- _EXERCISE DESCRIPTION_: Omit the pictures and reproduce the rest of the listing exactly.

- _COLLECTED MATERIAL_:
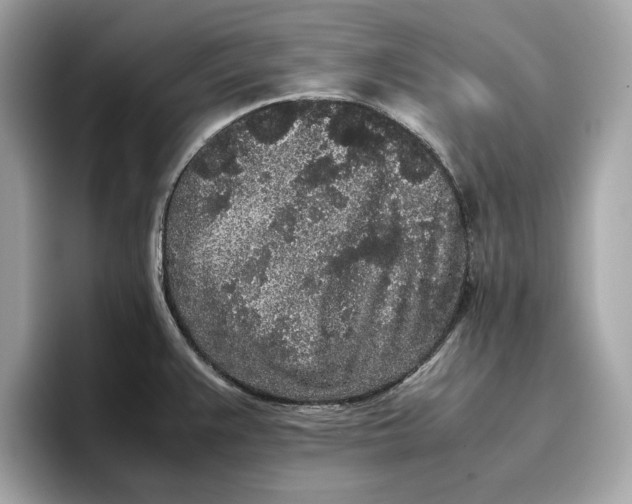 X0000096651383200802261311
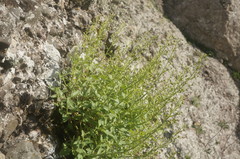 Scrophularia rupestris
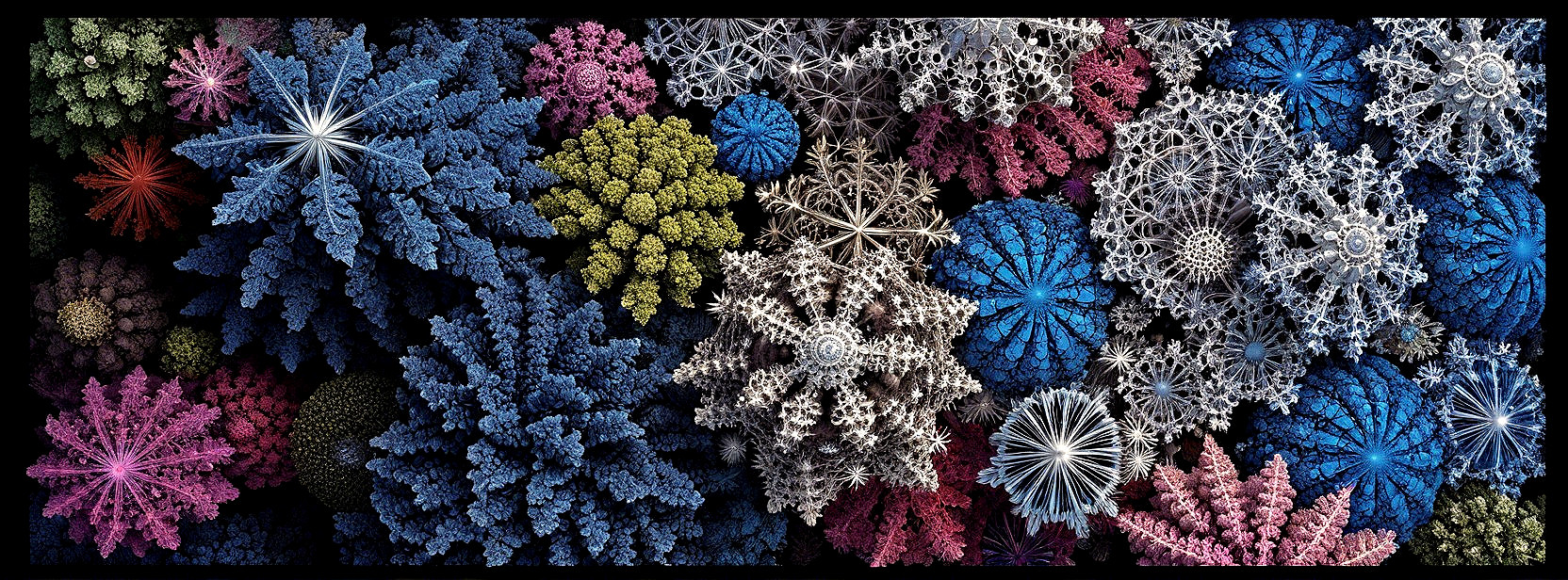 Vibrant Coral-Like Structures in Diverse Colors
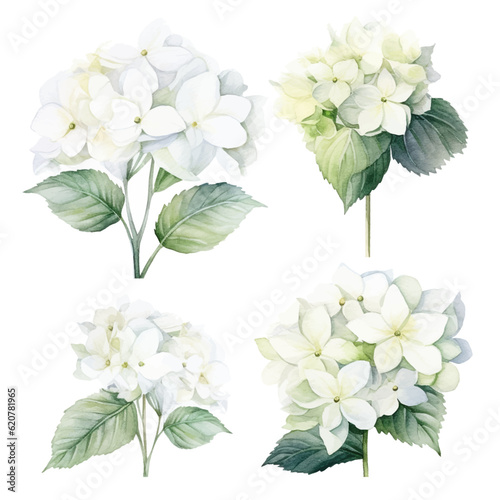 Set of white floral watecolor. Hydrangea flowers and leaves. Floral poster, invitation floral. Vector arrangements for greeting card or invitation design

- _ANSWER AREA_:
 X0000096651383200802261311
 Scrophularia rupestris
 Vibrant Coral-Like Structures in Diverse Colors
 Set of white floral watecolor. Hydrangea flowers and leaves. Floral poster, invitation floral. Vector arrangements for greeting card or invitation design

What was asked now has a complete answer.